The task: Reproduce exactly the span of lines beginning at the one with "Virginia's Ras-I Dowling, leftm, and" and ending at the last line of the data below, omitting pictures.

··· Data excerpt

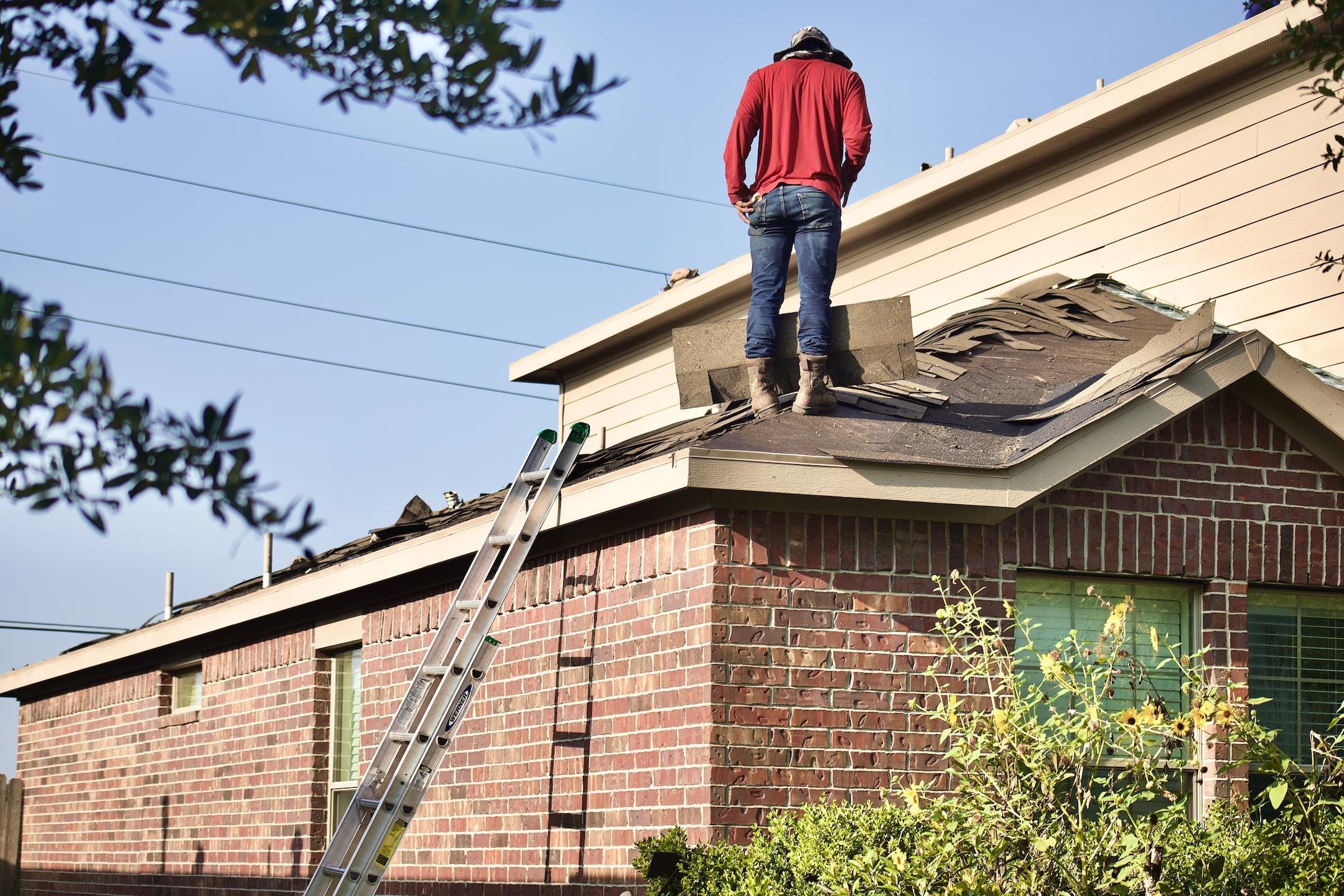 From the work site of a roofing project. The worker tears down the roof before installing an underpayment.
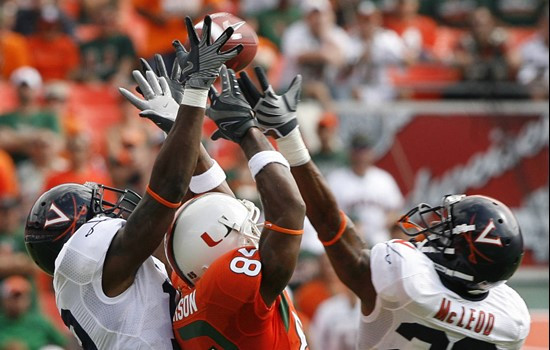 Virginia's Ras-I Dowling, leftm, and teammate Rodney McLeod (28) tip a pass intended for Miami's Leonard Hankerson (85) during the second quarter of...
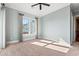 Bright bedroom featuring neutral walls, carpet, a ceiling fan and natural light from a window at 3567 Marion Ln., Murrells Inlet, SC 29576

······

Completed task:
 Virginia's Ras-I Dowling, leftm, and teammate Rodney McLeod (28) tip a pass intended for Miami's Leonard Hankerson (85) during the second quarter of...
 Bright bedroom featuring neutral walls, carpet, a ceiling fan and natural light from a window at 3567 Marion Ln., Murrells Inlet, SC 29576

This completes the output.